Assim, em vez de residir passivamente no campo contando com o irmão mais velho – situação que pode ser compreensivelmente entediante – esses jovens partiriam em busca de aventura. Mas mesmo aqui, encontramos o princípio orientador da subsidiariedade. Se eles falhassem em suas missões ou fossem gravemente feridos, eles sempre poderiam voltar a viver no castelo com o irmão mais velho.

A vida do trabalhador

Algo semelhante acontecia na vida do trabalhador manual. De um modo geral, a Idade Média não teve trabalhadores manuais como os nossos de hoje, que não possuem terras próprias. Então, o trabalhador tinha direito hereditário a uma parte das terras que alugava e trabalhava, que fornecia bens suficientes para seu sustento e de sua família. Quando ele morresse, seus descendentes teriam o mesmo direito àquela mesma terra. Esta situação repetia a do dono do castelo em alguns aspectos.

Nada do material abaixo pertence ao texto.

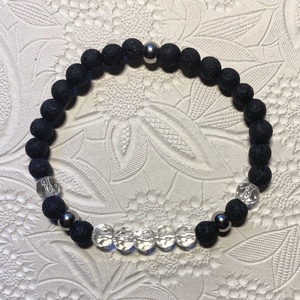 Lávakő karkötő - ékszer - karkötő - bogyós karkötő - Meska.hu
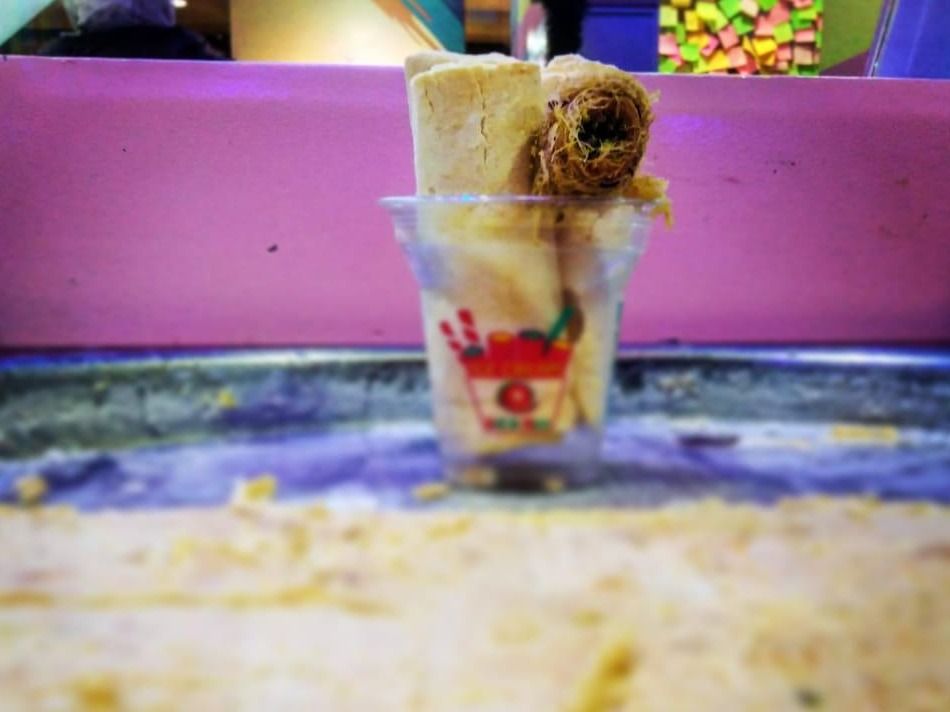 Ice mix banana kunafa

A castle overlooking a village

Tanto os aldeões quanto os nobres eram governados pelas regras de subsidiariedade
O trabalhador manual estava isento de ir à guerra. Ele poderia se alistar caso quisesse, mas não era obrigado a fazê-lo. Muitas vezes ele se alistava com o objetivo de ganhar recompensas por seus bravos feitos. Se ele se distinguisse heroicamente em uma batalha, o senhor lhe concederia suas próprias terras.

Era assim que o princípio da subsidiariedade funcionava em toda a sociedade. Os pais e seus primogênitos ajudavam os outros membros da família.

Isso explica por que o princípio moderno que exige partes iguais da herança para todos os filhos destrói o princípio da subsidiariedade na sociedade. Com distribuição igualitária do patrimônio do pai, cada filho faz o seu caminho, fazendo o que quiser com a sua parte. Em pouco tempo, o patrimônio da família se dispersa e ninguém se sente obrigado a ajudar o outro. Se alguém precisar de algo, ele pede ajuda a estranhos ou ao Estado. No sistema medieval guiado pelo princípio da subsidiariedade, porém, um ajudava o outro como membros da mesma família.

Como a história nos mostra, o exercício do princípio da subsidiariedade na Idade Média funcionou bem e trouxe prosperidade às famílias. O próprio Karl Marx escreveu em um de seus livros que a Idade Média foi a idade de ouro do trabalhador.

Essa foi a sábia organização que o espírito católico deu à estrutura social. Essa estrutura baseava-se no princípio da subsidiariedade.